Poor people are different

As an econ student, it's interesting when an idea puts everything you know into contention. For example:


In the community of people dedicated to analyzing poverty, one of the sharpest debates is over why some poor people act in ways that ensure their continued indigence. Compared with the middle class or the wealthy, the poor are disproportionately likely to drop out of school, to have children while in their teens, to abuse drugs, to commit crimes, to not save when extra money comes their way, to not work.

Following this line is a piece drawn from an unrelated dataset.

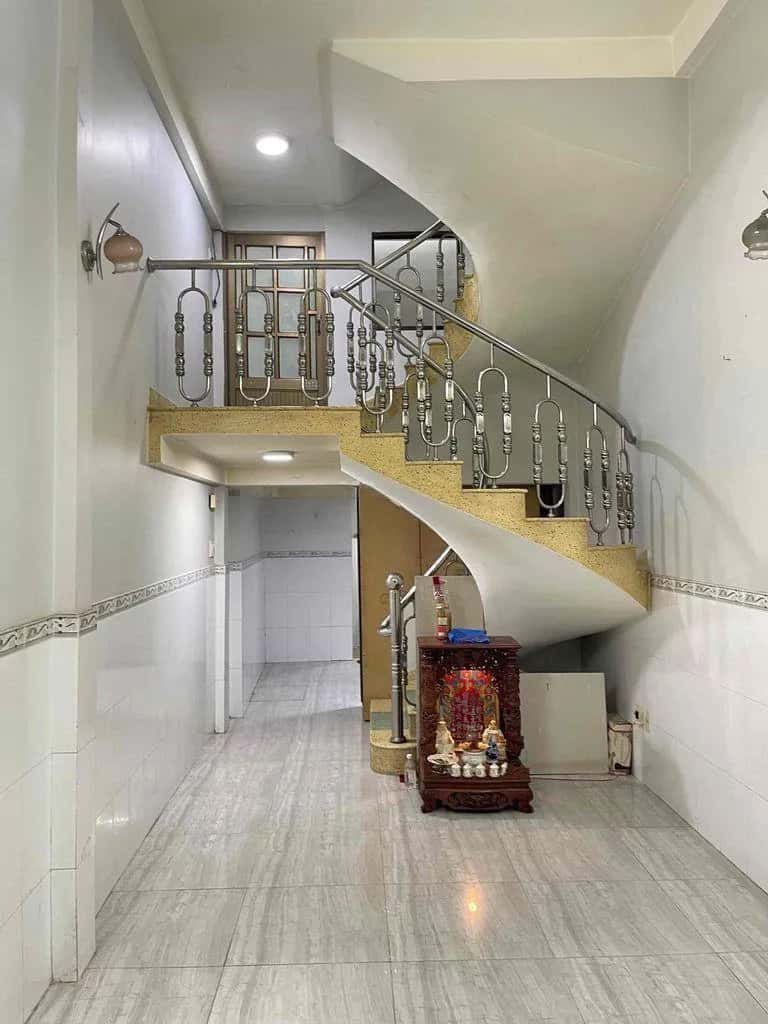 Cho thuê nhà hẻm Nguyễn Tri Phương Quận 10, TP.HCM – 3 phòng ngủ, giá 14.8 triệu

To an economist, this is irrational behavior. It might make sense for a wealthy person to quit his job, or to eschew education or develop a costly drug habit. But a poor person, having little money, would seem to have the strongest incentive to subscribe to the Puritan work ethic, since each dollar earned would be worth more to him than to someone higher on the income scale. Social conservatives have tended to argue that poor people lack the smarts or willpower to make the right choices. Social liberals have countered by blaming racial prejudice and the crippling conditions of the ghetto for denying the poor any choice in their fate. Neoconservatives have argued that antipoverty programs themselves are to blame for essentially bribing people to stay poor.

Karelis, a professor at George Washington University, has a simpler but far more radical argument to make: traditional economics just doesn't apply to the poor. When we're poor, Karelis argues, our economic worldview is shaped by deprivation, and we see the world around us not in terms of goods to be consumed but as problems to be alleviated. This is where the bee stings come in: A person with one bee sting is highly motivated to get it treated. But a person with multiple bee stings does not have much incentive to get one sting treated, because the others will still throb. The more of a painful or undesirable thing one has (i.e. the poorer one is) the less likely one is to do anything about any one problem. Poverty is less a matter of having few goods than having lots of problems.

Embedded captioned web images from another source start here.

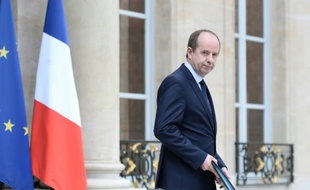 Le ministre de la Justice, Jean-Jacques Urvoas, à la sortie du conseil des ministres le 27 avril 2016 à l'Elysée à Paris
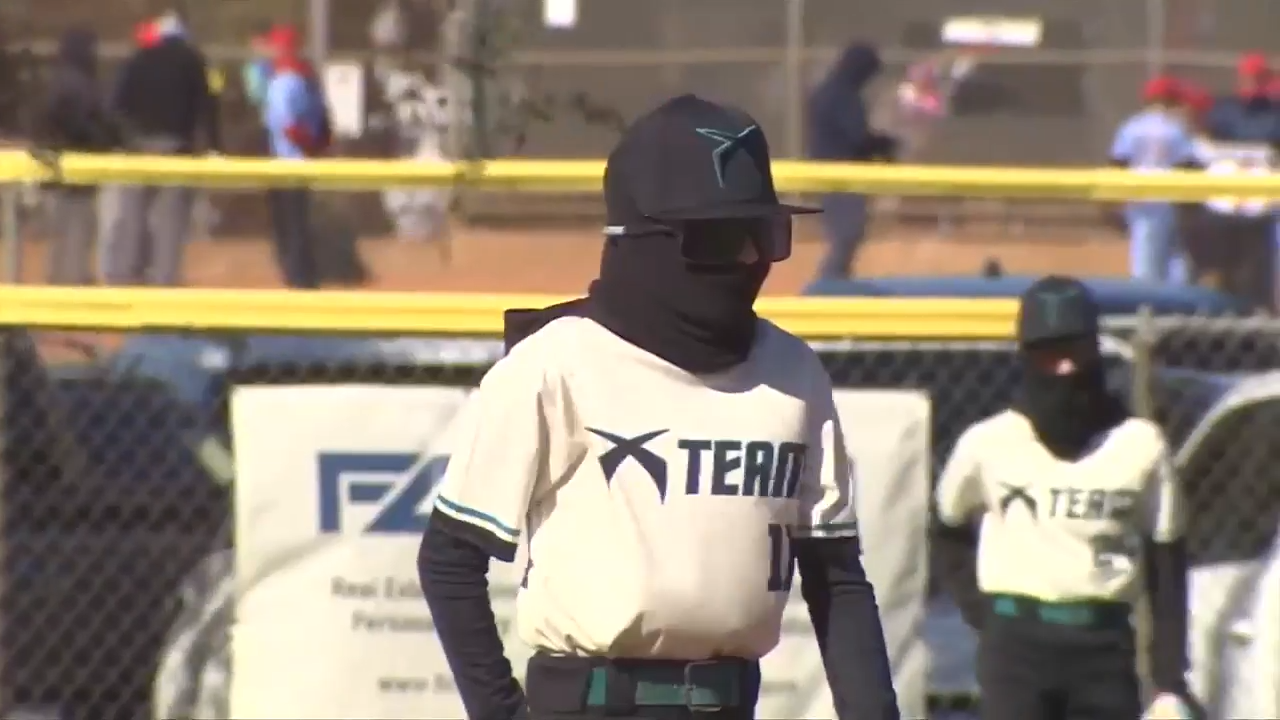 For youth baseball players in South Florida, the game goes on despite steep drop in temps – WSVN 7News | Miami News, Weather, Sports | Fort Lauderdale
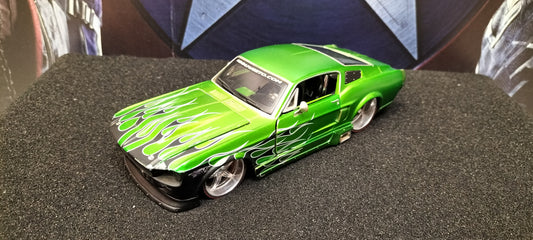 Maisto Design 1/24 Ford Mustang GT 1967 Green Flame USED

Poverty and wealth, by this logic, don't just fall along a continuum the way hot and cold or short and tall do. They are instead fundamentally different experiences, each working on the human psyche in its own way. At some point between the two, people stop thinking in terms of goods and start thinking in terms of problems, and that shift has enormous consequences. Perhaps because economists, by and large, are well-off, he suggests, they've failed to see the shift at all.
Still, there's little to no data to support his assertions, but fundamentally to call into question the law of marginal utility is an interesting view. There's untold of cases of poor people working hard, so it's hard to take his view at face value.